FIG. 3 shows an embodiment of the current disclosure in which an avatar 32 as disclosed herein is projected or otherwise displayed in a display portion 34 of an augmented reality display device 30, such as augmented reality glasses. One mode of operation for the augmented reality display device 30 (or any of the end-user computing devices 52, 30, 46) may be a stand-alone mode (e.g., not necessarily utilizing the server(s) 50). For example, the embodiment of FIG. 3 need only receive an audio input from the user's surroundings (e.g., from an integrated mic 33) with the augmented reality glasses and the processes and systems disclosed herein converts the speech received in the audio input into sign language gestures of the avatar 32 in real time or near real time as disclosed herein for display in the device's display portion 34. For example, if a user is speaking with another person while wearing the glasses 30, the audio input would include the other person's speech and the glasses 30 would convert the other person's speech in real time or near real time into sign language gestures of the displayed avatar 32.

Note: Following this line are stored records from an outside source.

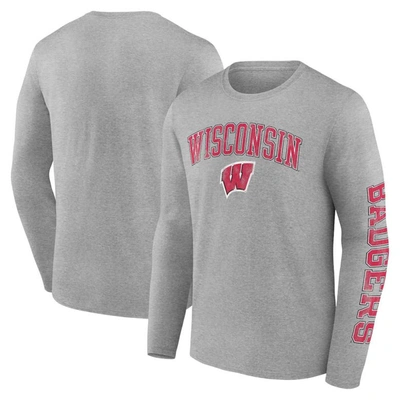 Shop Fanatics Branded Heather Gray Wisconsin Badgers Distressed Arch Over Logo Long Sleeve T-shirt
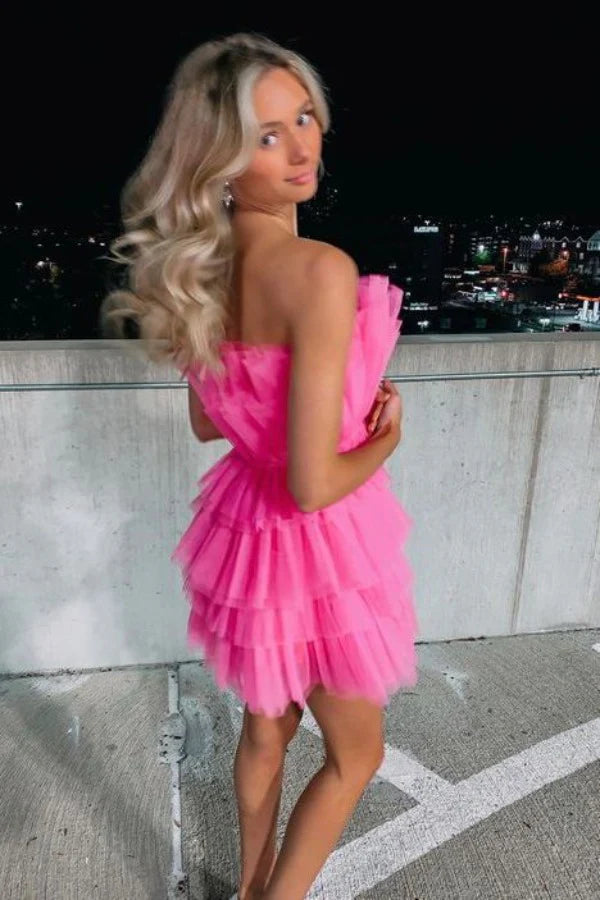 Vibrant Hot Pink Strapless A Line Short Homecoming Dress With Tiered Tulle Skirt AS726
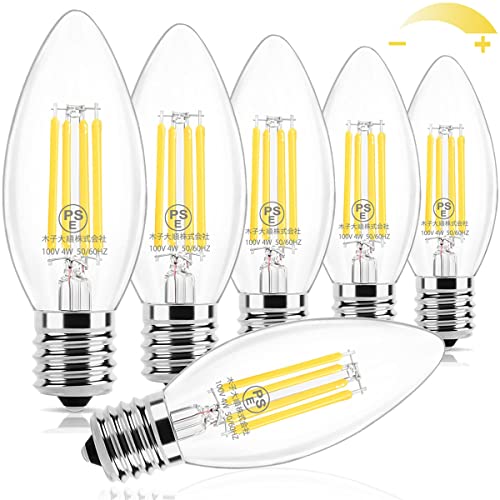 Wonninek LEDフィラメント電球 40W形相当 無段階調光 4W シャンデリア E17口金 PSE認証済み C35 2700K電球色 高輝度556ルーメン 省エネ 密閉形器具対応 高演色性 広配光 クリアタイプ電球 調光器対応 6個入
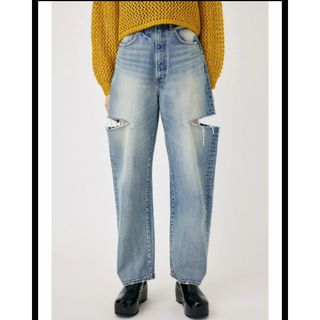 マウジー(moussy)のmoussy thigh slit loose straight 23 デニム(デニム/ジーンズ)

FIG. 4 shows an embodiment of the current disclosure in which an avatar 42 as disclosed herein is incorporated into or otherwise displayed with the display 44 of a virtual reality display device, such as virtual reality goggles 46.



FIG. 5 provides an exemplary system diagram for implementing various embodiments disclosed herein. One or more servers 50 are connected to various computing devices (such as user computer 52 having a display 53, mobile computing device operating as an augmented reality display device 30, virtual reality display device 46 and the like) via data and network connections over a computer network 58 such as the Internet.


In general, the routines executed to implement the embodiments of the disclosure (for example, on server(s) 50 and/or on user devices 52, 30, 46), whether implemented as part of an operating system or a specific application, component, program, object, module or sequence of instructions, or even a subset thereof, may be referred to herein as “computer program code,” or simply “program code.” Program code typically comprises computer readable instructions that are resident at various times in various memory and storage devices in a computer and that, when read and executed by one or more processors in a computer, cause that computer to perform the operations necessary to execute operations and/or elements embodying the various aspects of the embodiments of the invention. Computer readable program instructions for carrying out operations of the embodiments of the invention may be, for example, assembly language or either source code or object code written in any combination of one or more programming languages.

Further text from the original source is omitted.